PERGUNTA DESTACADA (GOMES AVILLA): Comunicação é um direito e a mídia é uma forma de a gente fazer o negócio e divulgar o nosso peixe. O que vocês querem seguir comunicando daqui pra frente?
“A música amplia nossa voz, a gente tem mais liberdade para falar. Acabei de lançar um single chamado Nega Braba, virou até meu codinome. É uma mensagem diferente que a gente está passando. Fala da vida da mulher negra, das lutas da mulher negra, os sonhos.
Com a música, a gente pode falar de tudo que a gente quiser falar”, responde a cantora. Breguete complementa com o desejo de dar protagonismo às diversidades. “A gente quer falar de tudo. No nosso CD, a gente fala de relacionamento de mulher com mulher, homem com homem”, pondera. Nala indaga novamente: Mas como é pra vocês serem um símbolo do movimento negro?
Resposta destacada (MIKE): “É aquele papo da representatividade! A gente sabe da importância, a gente aprende com isso e troca. A gente não é uma entidade que só fala, a gente escuta e aprende com o molequinho que está passando um perrengue. Você viu recente lá no Rio? O molequinho foi baleado e estava de uniforme. Ele perguntou: ‘Mãe, será que ele não viu me uniforme?’. Eu queria entender aquela parada. Não é só o sofrimento, tem algo por trás. Esse evento amadureceu a gente. Eu acordei diferente dos outros dias”.
Ainda sobre negritude, o cantor ressalta o perigo de vincular as questões de raça somente ao sofrimento. “A gente estava esses dias trocando uma ideia com o Mano Brown em Curitiba. Eu não quero me reunir com ele só para falar de mazela, ouvindo as de onde ele mora e falando das de onde eu moro. Eu quero entender a evolução profissional que aquele negão vive nesse momento da vida dele, com sei lá, 50 anos. É isso que eu quero trocar com ele. Isso que me importa".
Pergunta destacada (Bruno): O preconceito diminuiu com produções advindas da periferia?

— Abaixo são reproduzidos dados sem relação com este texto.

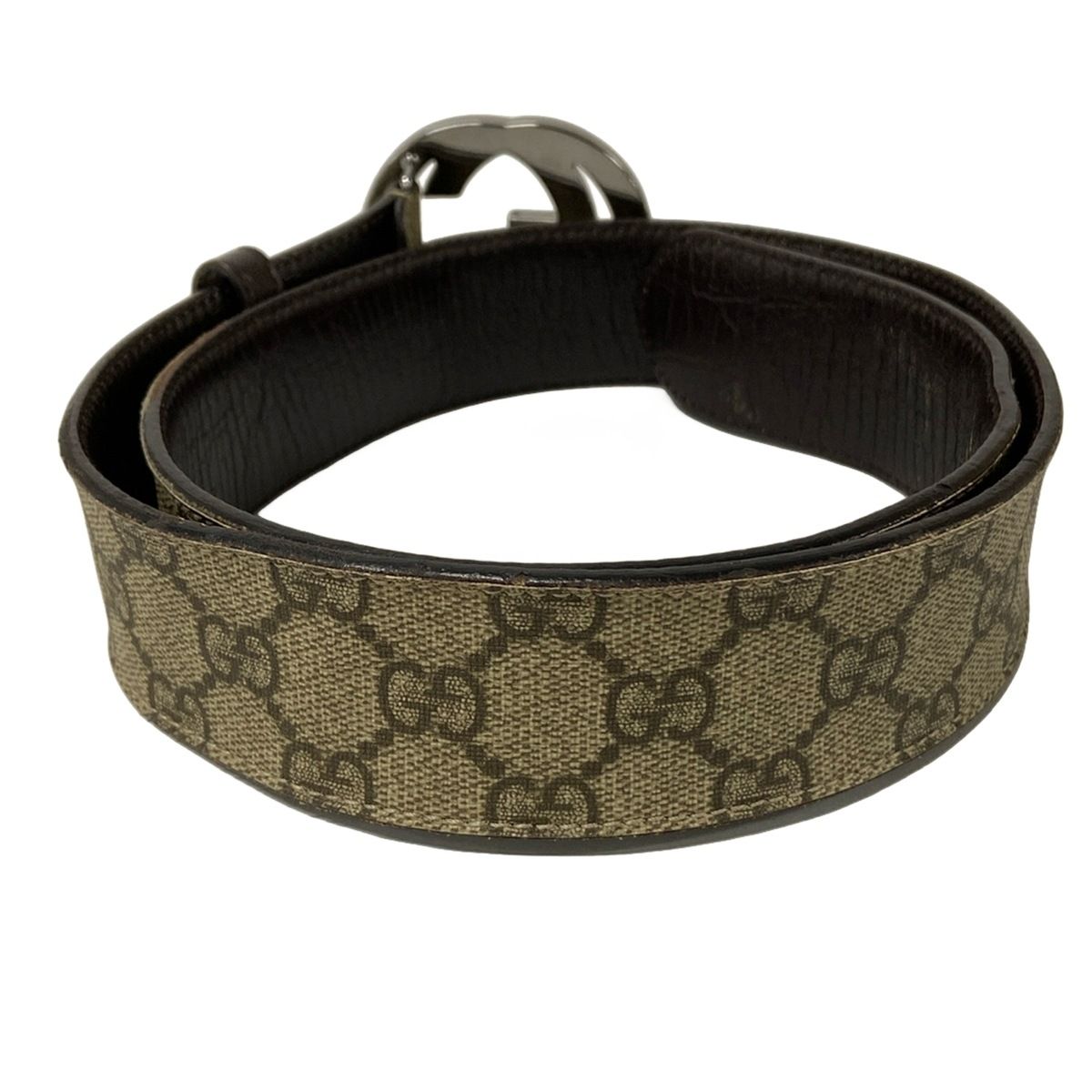 Gucci Belt 80 32 Beige Dark Brown Interlocking GG Pattern Leather X — view 2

“O fato de vir da favela, de ser preto, ainda pesa. Estão sempre querendo criminalizar o funk, como fizeram com o samba. As pessoas têm muito preconceito. Claro que a gente não está sozinho nessa, a gente tem vários artistas do funk, a gente tem a própria Anitta, que é um símbolo, que está levando o funk para outros lugares. O preconceito está aí, continua na mente das pessoas, mas enquanto isso estamos aqui, no festival Vida&Arte”, ri a cantora.
Como uma mensagem para as juventudes, de aqui ou de lá, Mike aponta: “A gente vive numa sociedade que quando a gente fala que é artista, tua mãe já diz: ‘Ah, vai fazer um curso’. Meu irmão, tem que ser artista mesmo, tem que pintar, fazer colagem, cantar, escrever poesia...”. Ele interrompe e pergunta à colega de banda: “Antes de entrar no Dream Team você está indo para onde?”. Ela responde prontamente: “Indo trabalhar no Guanabara (supermercado)”. Mike complementa: “Dá para viver de arte, sim, só precisa ser excelente: trabalhar, estudar. A relação que a gente tem que ter com a favela, com a nossa arte, não é só ficar o tempo inteiro falando que a gente vê na televisão. Tem que trocar, brother! Caralho, a Lellêzinha está na caixa do shampoo! Sacou?”.